Increase in filing fees

Last but not the least, the Draft Combination Regulations propose to increase the filing fee from INR 20 lakhs to INR 30 lakhs for a short form (a 50% increase), and from INR 65 lakhs to INR 90 lakhs for a long form (a 38% increase). 18

What's next?

Although many provisions of the Draft Combination Regulations are sound and pragmatic, there are certain aspects that require closer scrutiny. Stakeholders have provided their inputs on the Draft Combination Regulations to the CCI through the public consultation process, and the CCI is expected to release the finalized regulations early in 2024.

2024 – What's in store?

Despite a shaky start, 2023 has been another strong year for the CCI, with emphasis being placed on bringing the remaining provisions of the Amendment Act into force. The publication of the Draft Combination Regulations for public consultation was another step closer to this goal. Under a completely new leadership, the CCI has also continued to keep a close eye on contravention and problematic transactions and has taken the necessary steps to maintain a balance between ensuring competition in the Indian market while also making it easier for parties to undertake business in India.

2024 marks the 14th year of the Indian merger control regime. In the last few years, several new-age merger control issues have come under the CCI's radar. With increasing investments by private equity funds bringing with them concerns of cross-ownership in competitors, information exchange between portfolio companies and interlocking directorates, the CCI is set to be hot on the heels of the private equity sector in 2024, making antitrust-related due diligence even more critical.

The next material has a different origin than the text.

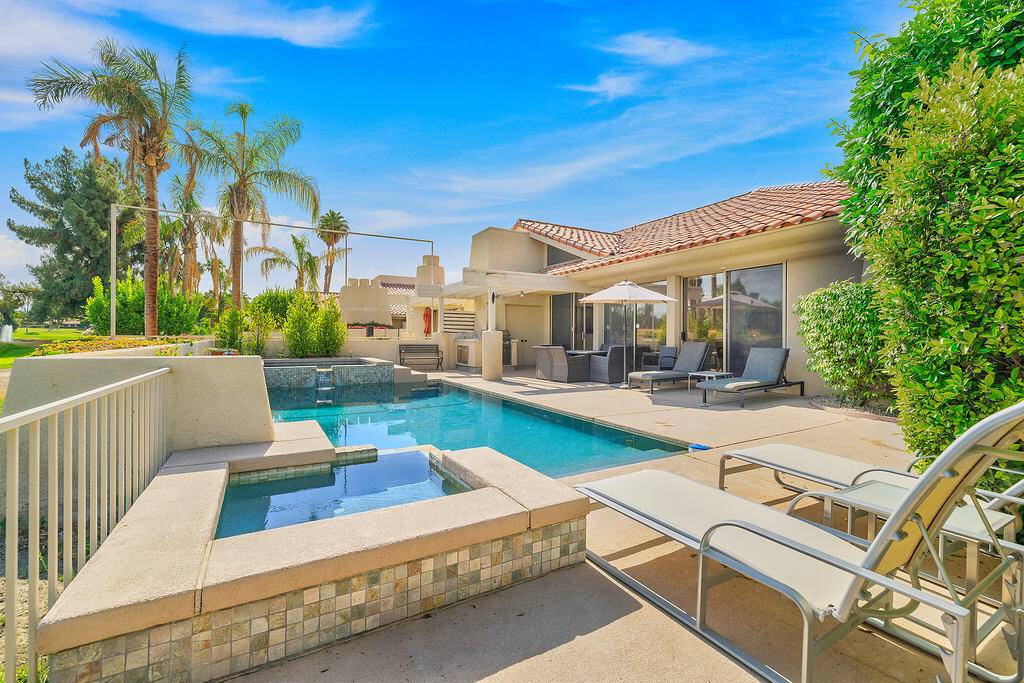 192 Kavenish DR, Rancho Mirage, CA 92270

All eyes are now set on 2024, which could be the biggest year for the Indian merger control regime, with the remaining provisions of the Amendment Act as well as the revised combination regulations likely to be notified. It is to be seen how the CCI manages the introduction of the new, more sophisticated law, a heavier caseload on account of the DVT, and new-age problems coming to the fore.

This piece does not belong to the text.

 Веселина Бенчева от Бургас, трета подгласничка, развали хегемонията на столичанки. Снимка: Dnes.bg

1. Notification by the MCA appointing Smt. Ravneet Kaur as Chairperson to the CCI, available here.

2. Combination Registration No. C-2022/11/983, available here.

3. Combination Registration No. C-2023/04/1017, available here.

4. GA already had 15.54% of the equity share capital in Acko prior to the transaction.

5. 'M&A and investing activity in India healthcare sector likely to continue at strong levels', Financial Express, source here.

6. Combination Registration No. C-2023/05/1028, available here.

7. Combination Registration No. C-2023/04/1022, available here.

8. Prior to the CCI's conditional approval in Air India/ Vistara, the only instance of pure behavioral remedies in a case involving horizontal overlaps was Schneider Electric's acquisition of the electrical and automation business of Larsen & Toubro, available here.

9. In re: Proceedings against Platinum Jasmine A 2018 Trust, acting through its trustee Platinum Owl C 2018 RSC Limited and TPG Upswing Limited under Section 43A and 44 of the Competition Act, 2002, available here.

10. Among the limited provisions notified currently is the provision in relation to the furnishing of false information or failure to furnish material information for a transaction, the penalty for which has been increased from INR 1 crore to INR 5 crore.

11. Draft Combination Regulations, released for public/ stakeholder consultation, available here.

12. Background Note to the Draft Combination Regulations, available here.

13. Regulation 4(1), Draft Combination Regulations.

14. Regulation 4(1), Draft Combination Regulations.

15. Explanation (c) to Regulation 4(1), Draft Combination Regulations.

16. Explanation (g) to Regulation 4(1), Draft Combination Regulations.

17. Regulation 6, Draft Combination Regulations.

18. Regulation 11, Draft Combination Regulations.